Honda RCV 211 (Valentino Rossi)
1:12 Tamiya
By Lee McGuire


Fig 1. Kit laid out As a big Rossi fan, I really felt the need to do this model. At the time I purchased a number of different versions of the bike so I could have a nice collection of five cylinder Honda RCV211s. I decided to use a bit of after market photo etch to improve things a little. As is typical with modern Tamiya motorcycle kits, every part is perfectly molded, and not a bit of flash to be seen. It also comes with a nice bag of screws, vinyl tube and a spring for the rear shock.

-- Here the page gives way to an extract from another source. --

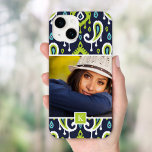 Monograma de Fotografias Personalizadas do marinho<br><div class="desc">Capa de telefone personalizada personalizada personalizada com suas fotos e texto. Este design de pré-disquete fofo tem um fundo uniforme de ikat em cores marinhos, verdes e turquesas com um modelo de foto personalizado. Adicione seu nome monograma ou sua própria mensagem exclusiva. Clique em Personalizar para editar as fontes de...</div>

Fig 2 Photo etch footrest and gear leverThe first thing I did was remove the foot peg/controls mounts and the chain adjusters. The kit chain adjusters are particularly blocky and don’t look right at all, particularly if you are a biker! I then made up the Photo etch parts from the Studio 27 kit that I got from Grandprix models.

Fig 3. Frame and swing armAs the frame and swing arm were butchered for the photo etch parts, I had to repaint them. The kit chrome is really nice, and I was a little worried about replicating it. I used Alclad Chrome to do it, and it turned out excellent. When using it, it is important to have a very shiny and smooth base, so it is sanded and primed. Then it is spayed with gloss black. When this is dry I put on 2 extremely thin coats of the chrome paint with low pressure on the airbrush.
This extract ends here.